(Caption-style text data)
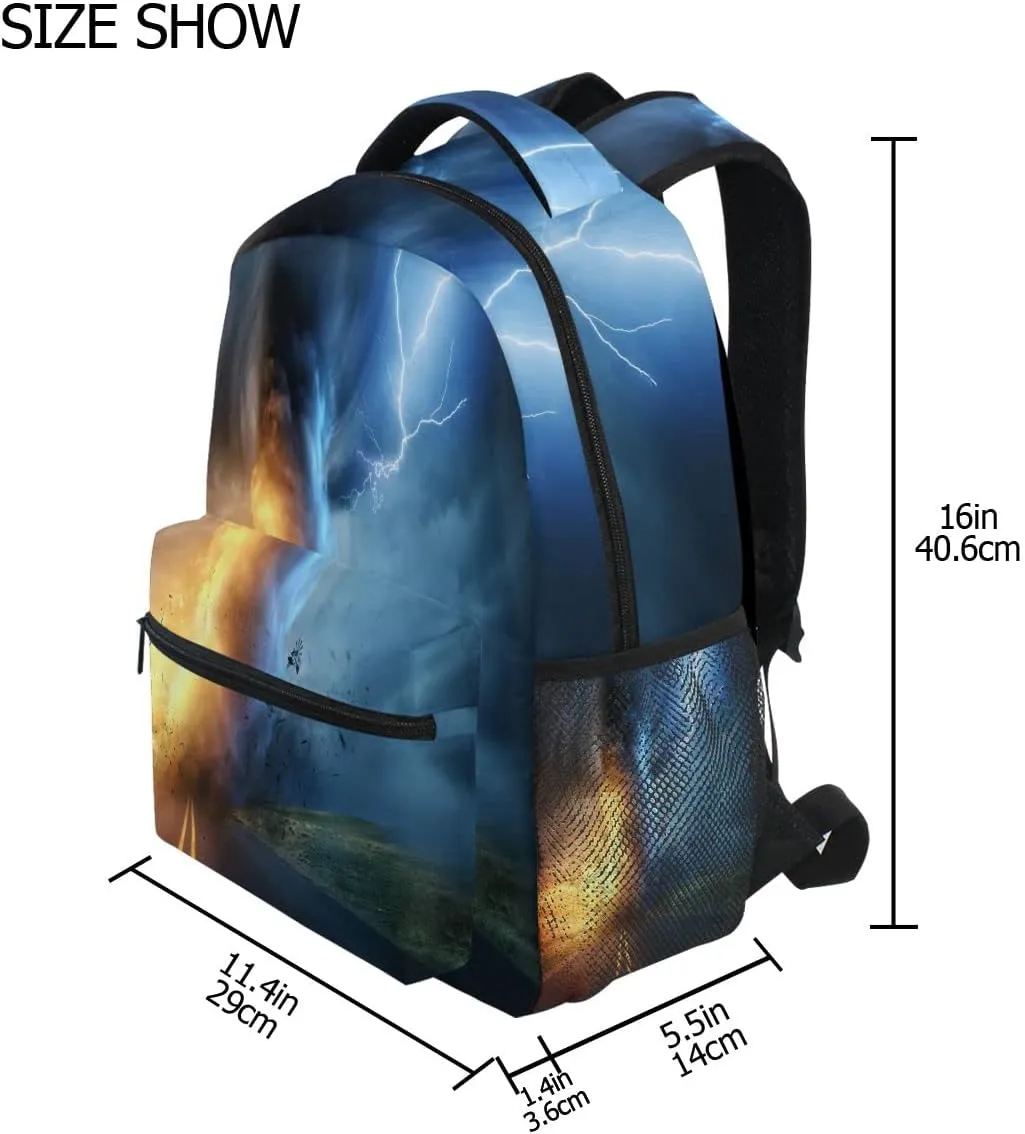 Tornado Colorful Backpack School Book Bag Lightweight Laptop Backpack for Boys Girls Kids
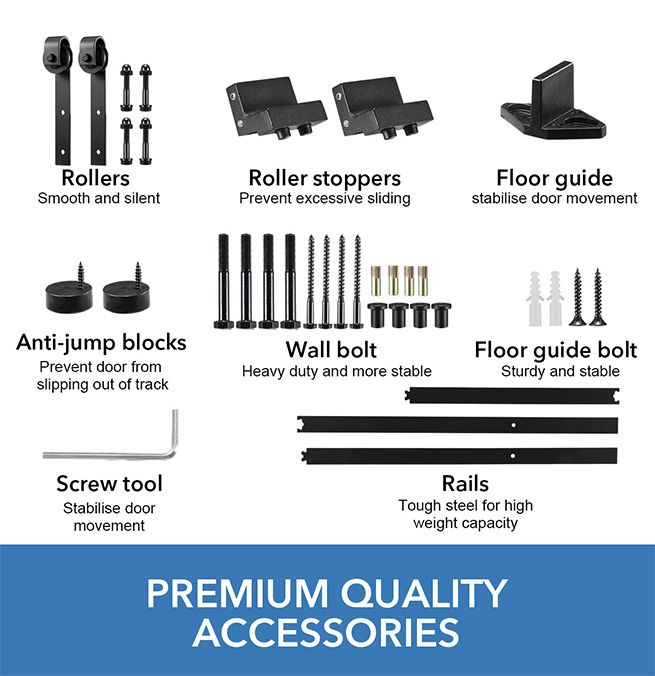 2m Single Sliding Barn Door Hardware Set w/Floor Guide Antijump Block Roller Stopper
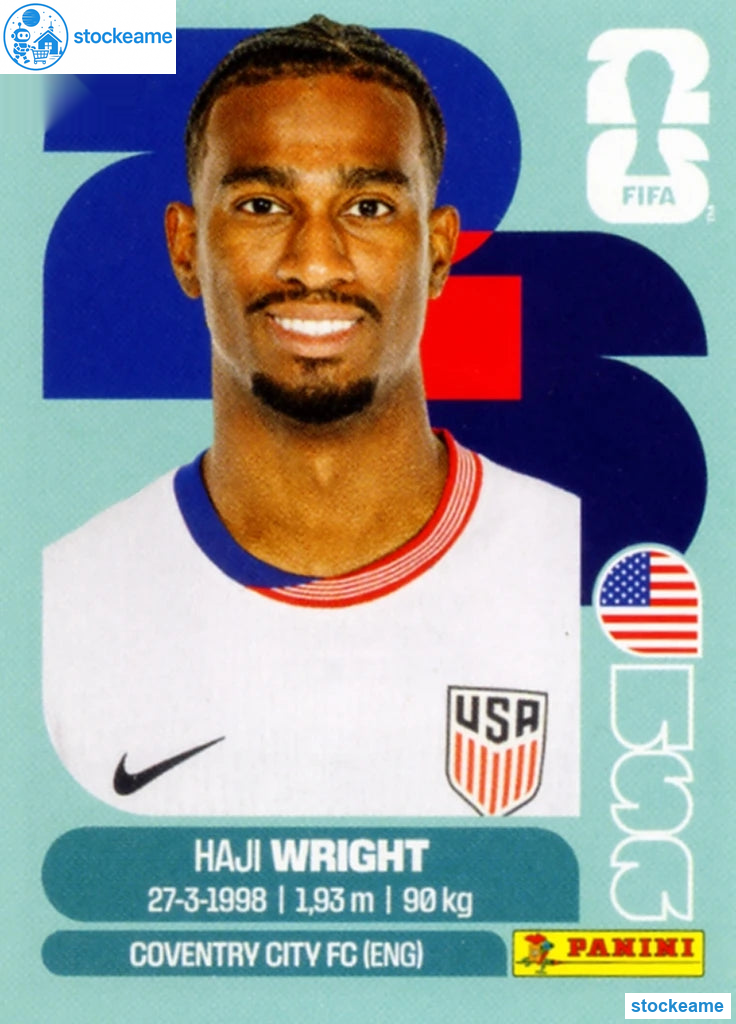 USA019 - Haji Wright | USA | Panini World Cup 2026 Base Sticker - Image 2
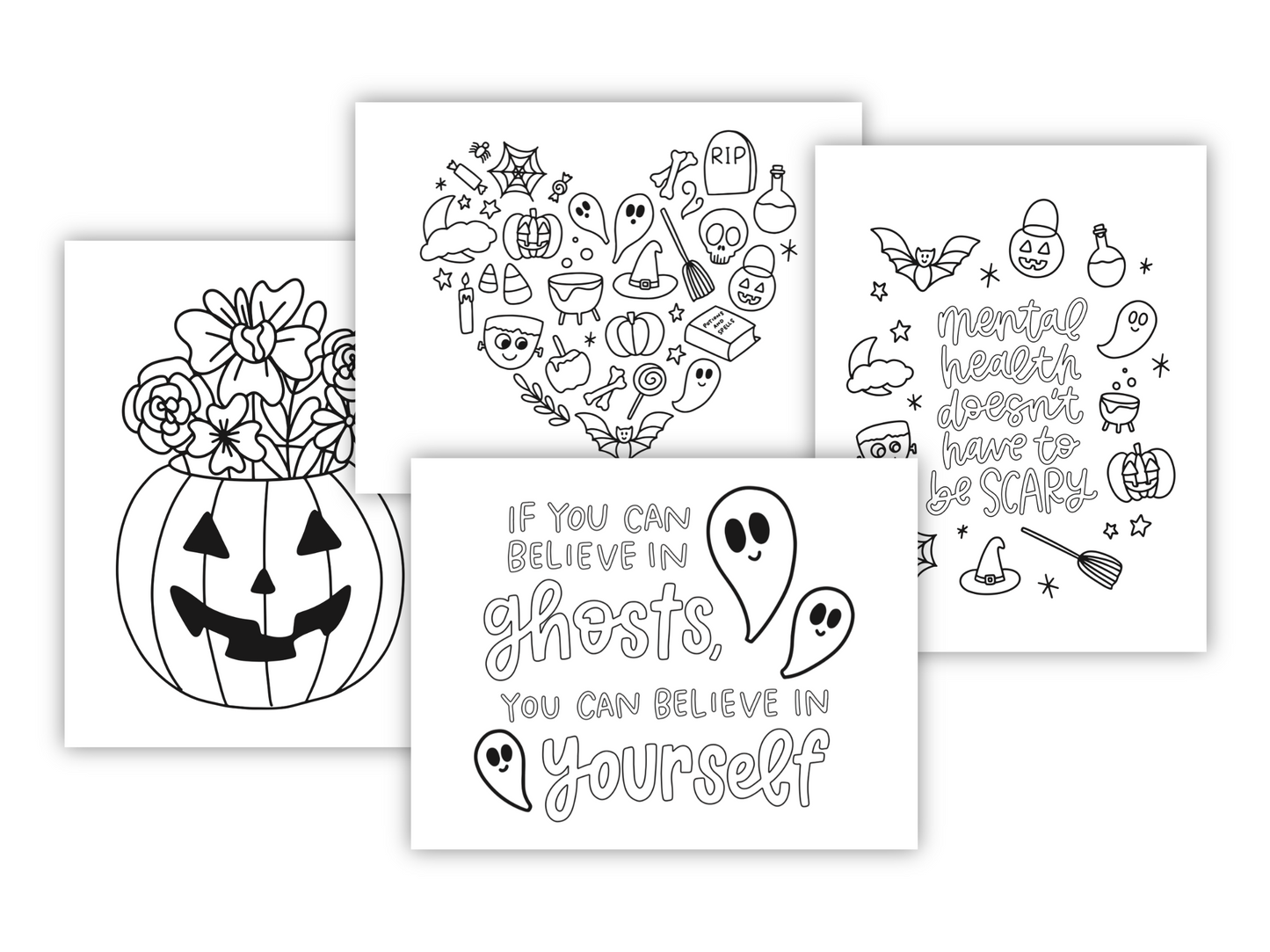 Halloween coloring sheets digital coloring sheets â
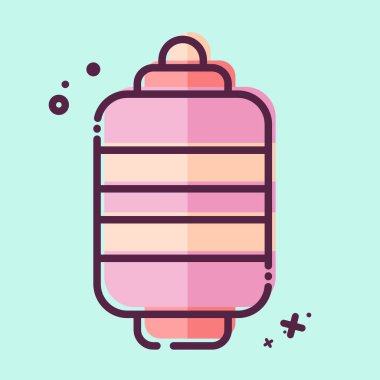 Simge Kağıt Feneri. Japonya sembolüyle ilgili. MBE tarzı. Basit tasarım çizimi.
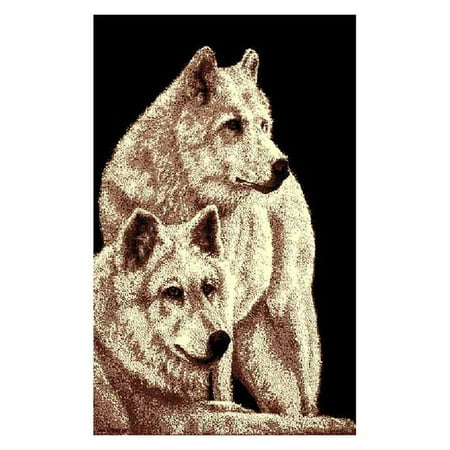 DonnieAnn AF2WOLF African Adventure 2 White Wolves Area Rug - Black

◆ **Activity**: The expected output is every line of the data, unchanged, with the pictures skipped.

◆ **Solution to this exercise**:
 Tornado Colorful Backpack School Book Bag Lightweight Laptop Backpack for Boys Girls Kids
 2m Single Sliding Barn Door Hardware Set w/Floor Guide Antijump Block Roller Stopper
 USA019 - Haji Wright | USA | Panini World Cup 2026 Base Sticker - Image 2
 Halloween coloring sheets digital coloring sheets â
 Simge Kağıt Feneri. Japonya sembolüyle ilgili. MBE tarzı. Basit tasarım çizimi.
 DonnieAnn AF2WOLF African Adventure 2 White Wolves Area Rug - Black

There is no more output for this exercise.